Hal ini tentunya akan berbeda jika IKU yang diputuskan untuk sasaran strategis Meningkatnya produktifitas karyawan
unit kerja A adalah Rasio pekerjaan yang diterima (disetujui) oleh atasan dibanding total pekerjaan yang diberikan
atasan. Jika IKU ini yang digunakan, maka perilaku yang akan terbentuk adalah setiap karyawan akan fokus
menyelesaikan pekerjaannya tepat waktu (sesuai deadline yang diberikan) dan sesuai dengan kualitas yang diharapkan
oleh atasan. Akibatnya, kehadiran menjadi sesuatu yang tidak begitu penting karena kehadiran bukan merupakan
ukuran keberhasilan dari produktifitas. Lembur atau bahkan menggunakan waktu libur untuk menyelesaikan pekerjaan
akan menjadi proses yang dilakukan oleh karyawan (tanpa diminta) untuk mencapai IKU yang dibebankan kepadanya.

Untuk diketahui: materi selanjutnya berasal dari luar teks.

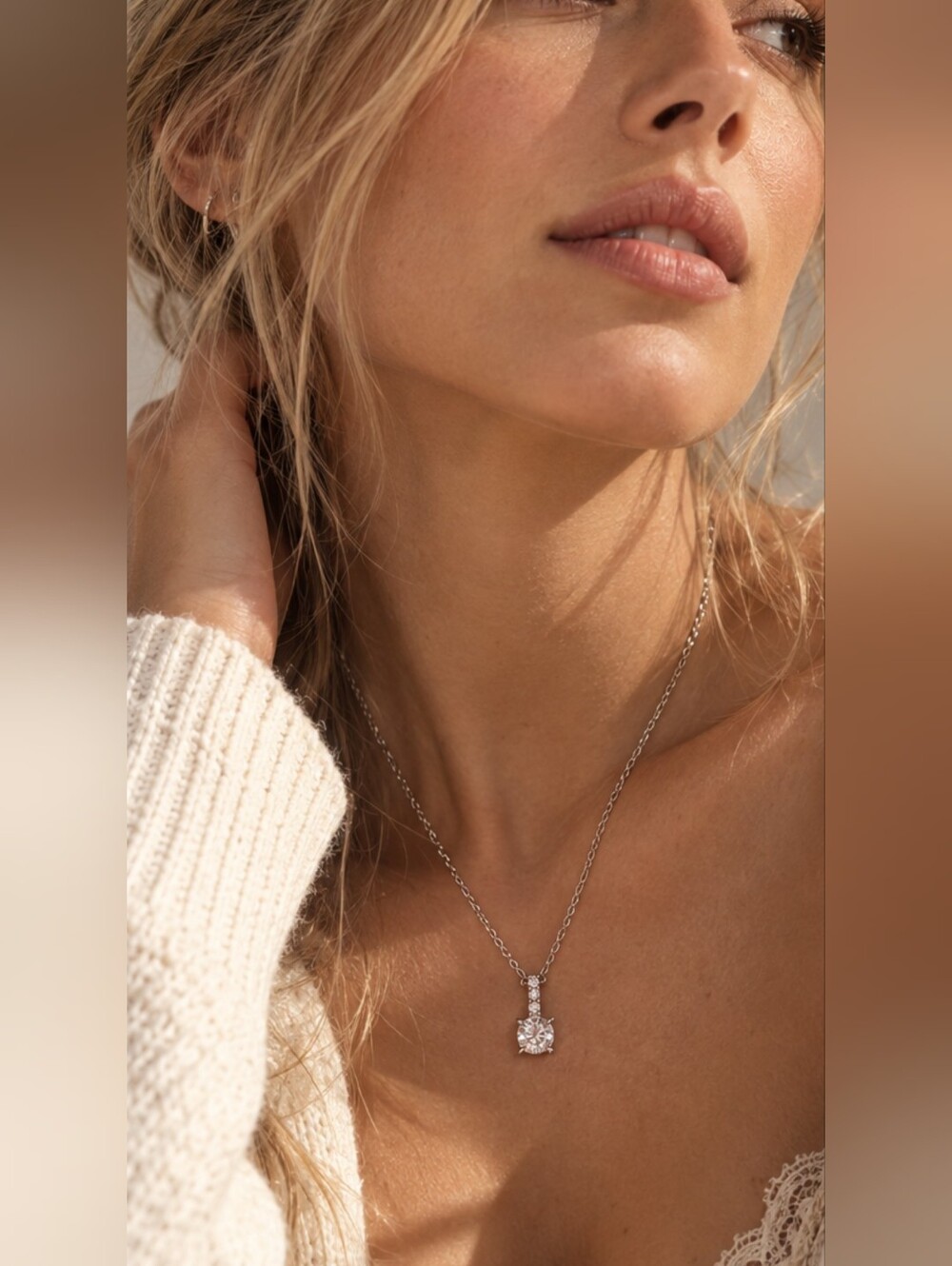 ✨ Elegant Round-Cut Solitaire Crystal Pendant Necklace ✨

Secara umum, hubungan antara sasaran strategis dan IKU telah saya tuliskan pada tulisan saya sebelumnya tentang
balanced scorecard untuk institusi pemerintahan (https://hech61.wordpress.com/2014/02/07/balanced-scorecard-untukinstitusi-pemerintah/). Satu sasaran strategis (yang masih bersifat normatif) perlu ditentukan ukuran keberhasilannya
dalam bentuk IKU (merubah normatif menjadi definitif), sehingga satu sasaran strategis minimal harus memiliki 1 IKU
dan boleh memiliki lebih dari 1 IKU. Dalam menentukan IKU untuk setiap sasaran strategis yang ada, organisasi dapat
memilih apakah akan menggunakan IKU lead (lead indicator) atau IKU lag (lag indicator).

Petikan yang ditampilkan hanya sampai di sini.